Special Delivery Five, Those Interesting Stories About Dev Ops Organizations and Culture

Special Delivery Five, Those Interesting Stories About DevOps Organizations and Culture #

Hello, I’m Shi Xuefeng, and it’s time for another special broadcast. As we approach the end of this column, I want to talk to you once again about DevOps organization and culture.

DevOps culture seems like a contradictory combination: on the one hand, culture is something that seems to be understood rather than transmitted in words; on the other hand, the importance of culture to DevOps practices is undeniable.

At various industry conferences, topics about culture are always scarce. The reason is simple: culture is generally difficult to explain, and even if it can be explained, it doesn’t change much. Because changing culture is not as simple as introducing a tool, it often requires a change in mindset.

Speaking of DevOps culture, I recall an event last year when a few friends and I organized a “DevOps Practice Guide Book-Pulling” activity. This activity involved summarizing and refining the core knowledge of the book through several weeks of online sharing.

During the sharing process, there was one thing that left a deep impression on me. It started with a passage in the 14th chapter of the original book:

The team has nothing to hide from the customers, just as they have nothing to hide from themselves. Instead of treating problems that affect the online system as a secret, it is better to make them as transparent as possible and proactively announce internal issues to external users.
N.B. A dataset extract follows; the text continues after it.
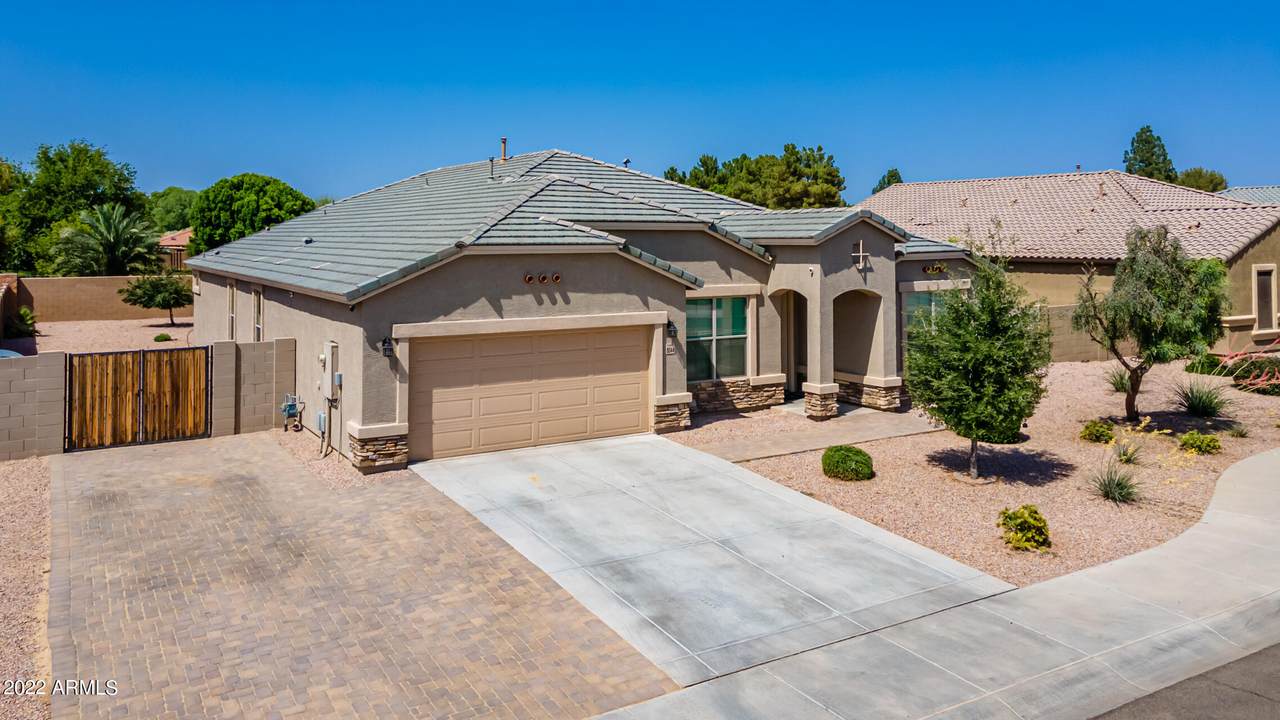 9244 Denton Lane - Photo 1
The IT manager of a large company happened to be responsible for sharing this chapter. He stated that he chose to include this passage out of respect for the original text, but in the context of China, this is not practical. Even he, a staunch practitioner of DevOps, finds it difficult to achieve this level. Because if all the internal issues of the company are openly disclosed to customers, it’s likely they would be packing up and going home the next day.

It’s also because companies generally do not publicly announce failures at the first opportunity that these incidents are mostly revealed through platforms like “Cloud Headlines.”

However, it seems that everyone has a poor memory. Often, these things are quickly forgotten, and apart from hearing rumors about who is taking the blame or being implicated, there is nothing particularly noteworthy.

This is understandable, after all, family issues should not be aired in public. It’s fine to vent within the company, but if everything is publicly announced, wouldn’t the company’s image be ruined? Moreover, it could affect the confidence users have in the company. Just think, if it’s always you who has the most problems, then who would dare to use your service?

We all know the key words of DevOps culture: collaboration, sharing and bearing together, blameless culture, learning from mistakes, etc. These principles are understood by everyone. However, when we actually encounter problems and need to balance the interests of different departments, whether we can still use these cultural norms as guidelines for behavior is another matter.

In plain terms, if you want to see if a team has a DevOps culture, it’s more important to look at what they do rather than what they say. So today, I’ll share a few stories with you to see how other companies have dealt with the same problems, and to reflect on why this is a better approach.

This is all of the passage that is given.